Write out all the records exactly, and keep any images out.
═══ Data records
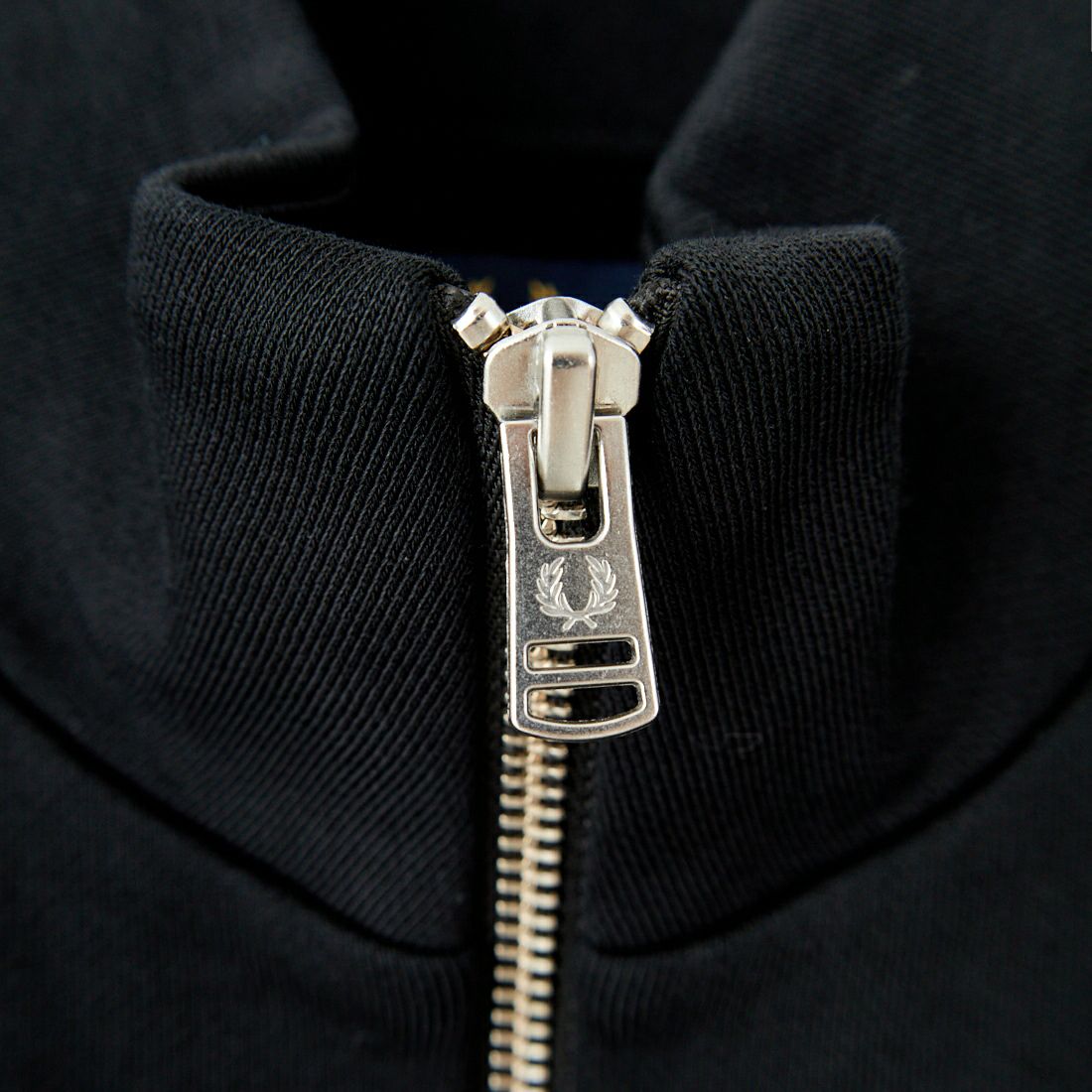 FRED PERRY [フレッドペリー] ジップスルースウェット [J1327] 102 BLACK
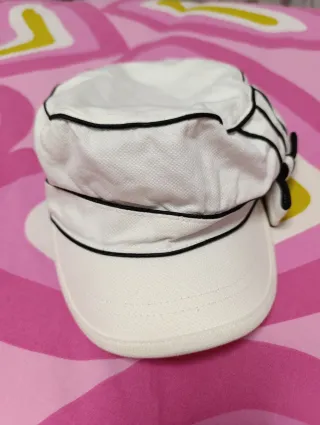 Gorra ALDO blanca con ribete negro
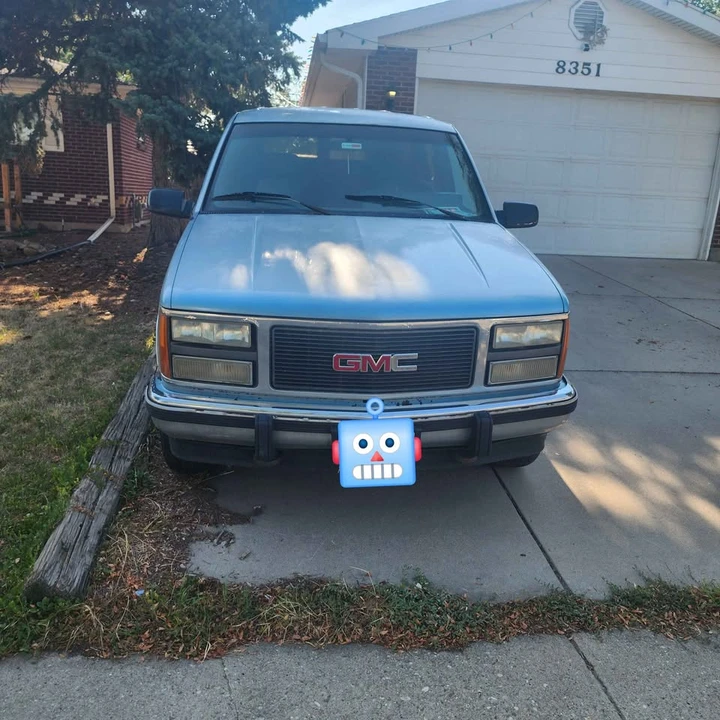 1993 GMC Suburban 8th Gen - Image 2 of 9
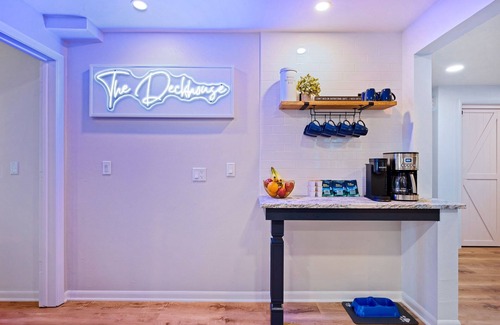 Fish Creek House | The Deckhouse | Water Views, Walk Downtown, Sauna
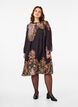 Midi-mekko paisley-kuvioinnilla, Black Paisley, Model image number 2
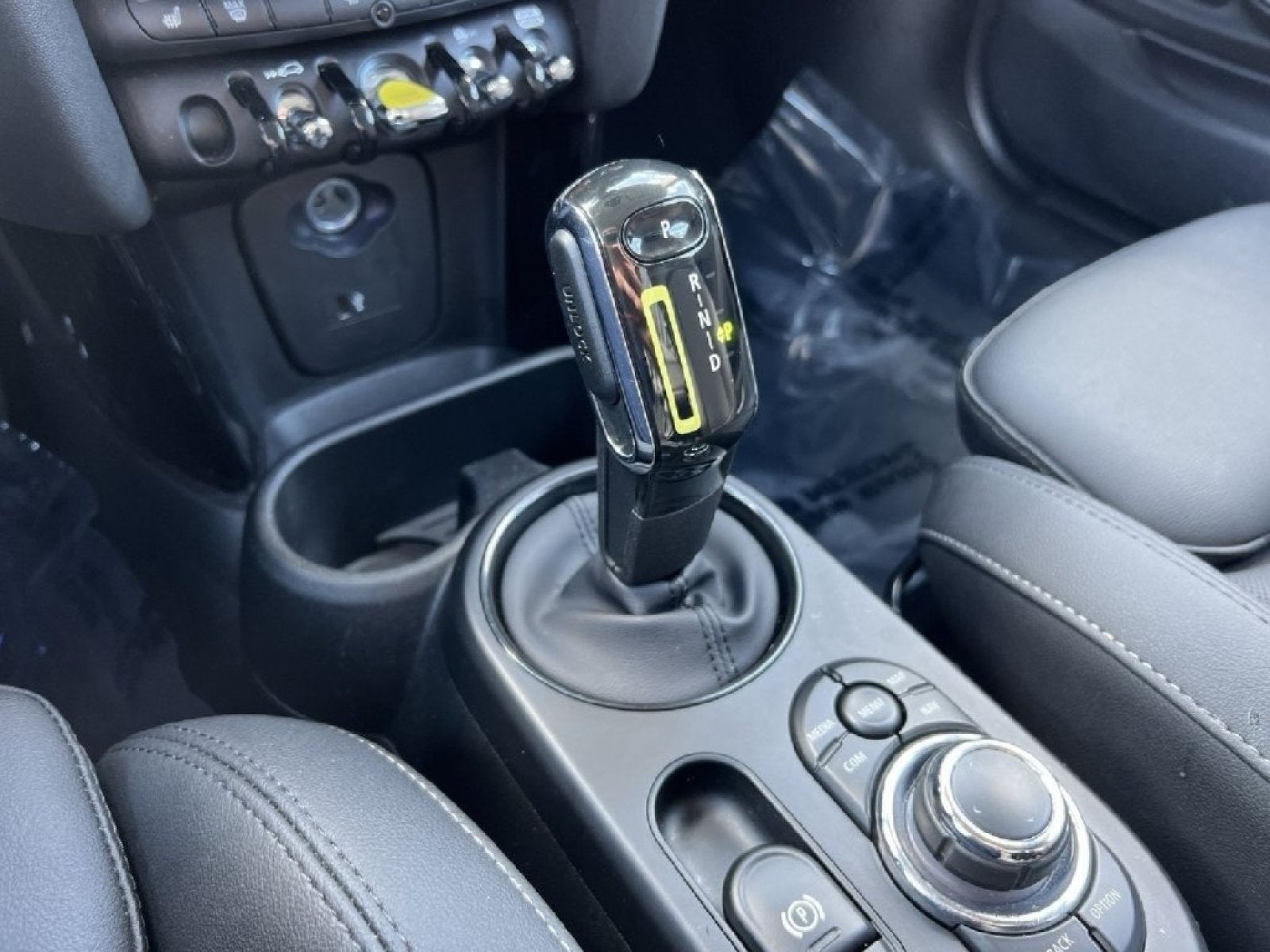 2024 MINI Hardtop 2 Door Cooper SE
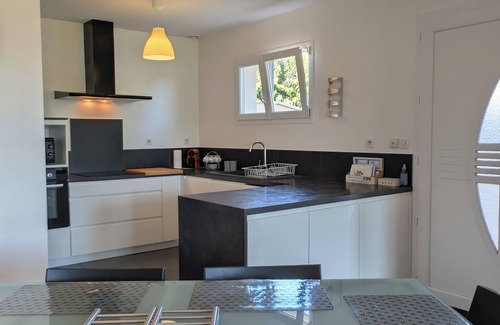 Cussac-Fort-Medoc House | Gîte with heated swimming pool View of vineyards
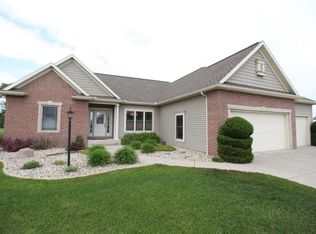 30237 Quail Pointe Dr, Granger, IN 46530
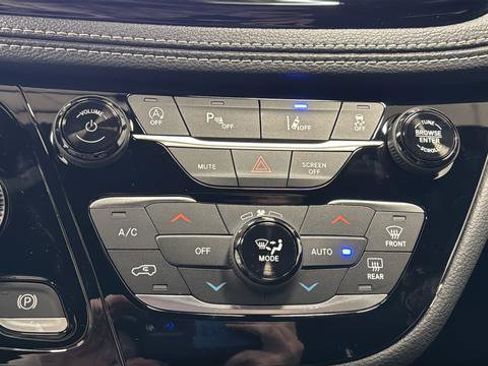 New 2026 Chrysler Pacifica Select image 17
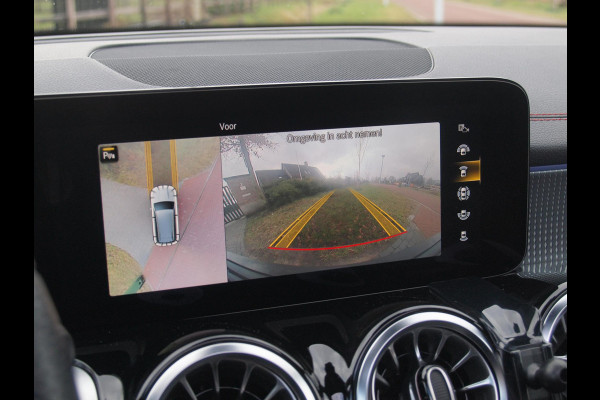 Mercedes-Benz EQB 250 AMG Line 67 kWh | SOH 95% | Panoramadak | Head-Up Display | 360 Camera | Sfeerverlichting |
══════
* Result of the task *
 FRED PERRY [フレッドペリー] ジップスルースウェット [J1327] 102 BLACK
 Gorra ALDO blanca con ribete negro
 1993 GMC Suburban 8th Gen - Image 2 of 9
 Fish Creek House | The Deckhouse | Water Views, Walk Downtown, Sauna
 Midi-mekko paisley-kuvioinnilla, Black Paisley, Model image number 2
 2024 MINI Hardtop 2 Door Cooper SE
 Cussac-Fort-Medoc House | Gîte with heated swimming pool View of vineyards
 30237 Quail Pointe Dr, Granger, IN 46530
 New 2026 Chrysler Pacifica Select image 17
 Mercedes-Benz EQB 250 AMG Line 67 kWh | SOH 95% | Panoramadak | Head-Up Display | 360 Camera | Sfeerverlichting |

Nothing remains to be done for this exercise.